357   SSITT: A Prospective Trial of Strategic Treatment Interruptions in 128 Patients.

C. Fagard1, M. Lebraz1, H. Gunthard4, C. Tortajada8, F. Garcia8, Battegay3, H. J. Furrer5, P. Vernazza6, E. Bernasconi2, L. Ruiz8, A. Telenti7, A. Oxenius9, R. Phillips9, S. Yerly1, J. Gatell8, R. Weber4, T. Perneger1, P. Erb3, L. Perrin1, and B. Hirschel*1for the Swiss HIV Cohort Study.
1Geneva, Switzerland;2Lugano, Switzerland;3Basel, Switzerland;4Zürich, Switzerland;5Bern, Switzerland;6St. Gall, Switzerland;7Lausanne, Switzerland;8Barcelona, Spain; and9Oxford, UK.

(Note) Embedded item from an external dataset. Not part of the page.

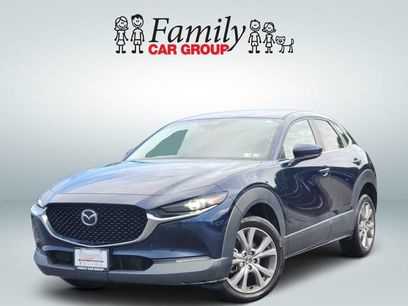 Used 2021 MAZDA CX-30 AWD 2.5 S w/ Preferred Package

Background:HIV-specific immune responses (IR) decrease during HAART. Rebounds during treatment (Rx) interruption may stimulate IR and eventually permit discontinuation of HAART.

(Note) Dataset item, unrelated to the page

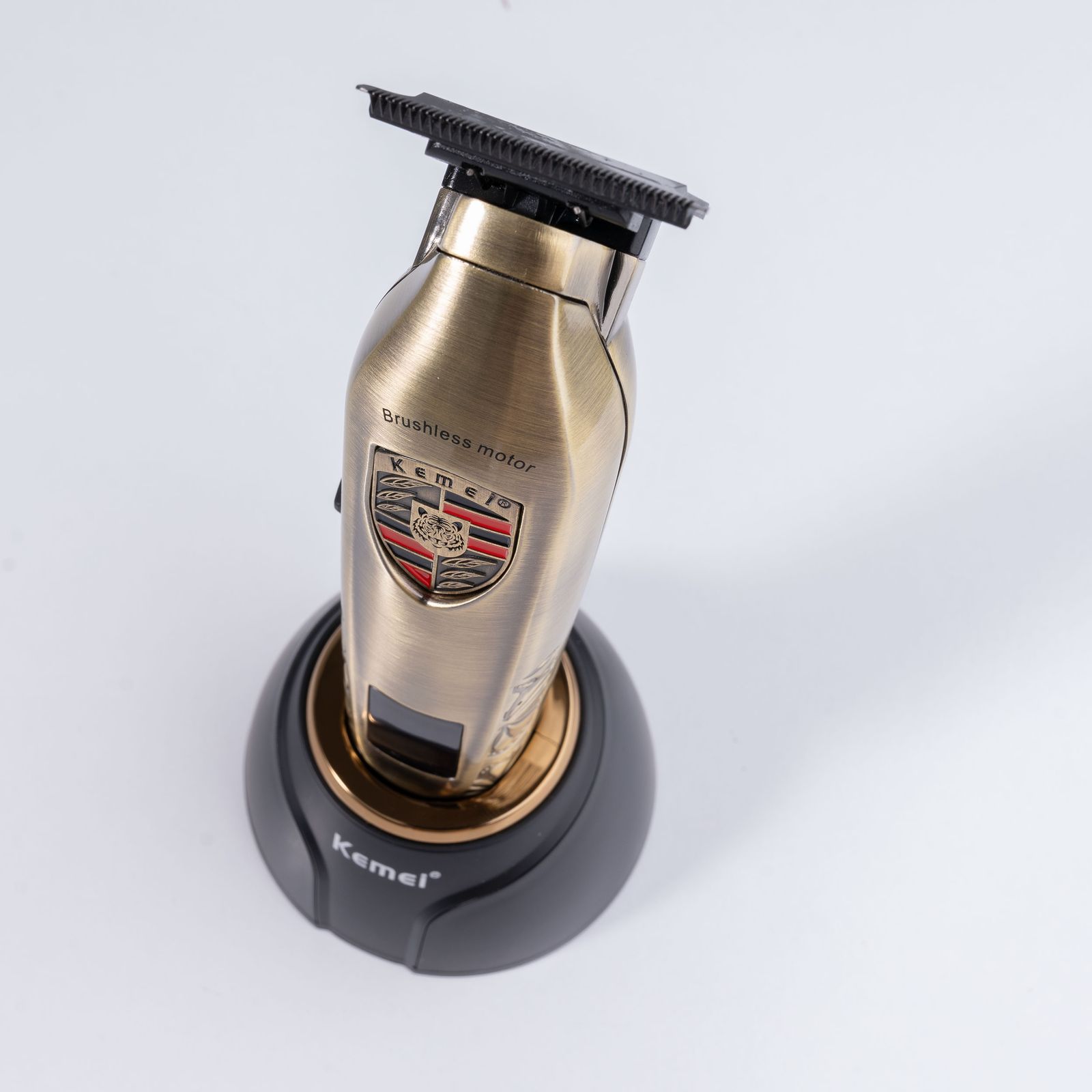 ماشین اصلاح موی سر و صورت کیمی مدل KM-2236 -  - 3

Methods:The Swiss-Spanish Intermittent Treatment Trial (SSITT) enrolled patients (pts) who were ART-naive before HAART, without treatment failure during HAART, with VL <50 for >6 months, and NNRTI-naive. Rx is stopped for 2 wks and started again for 8 wks, for four cycles. Pts who fail to reach VL <50 upon re-treatment are excluded. At wk 40, Rx is definitely suspended unless VL rebounds >5000. Endpoints: amplitude of rebounds and N of pts with VL <5000 at wk 52. VL were measured by Roche HIV Monitor.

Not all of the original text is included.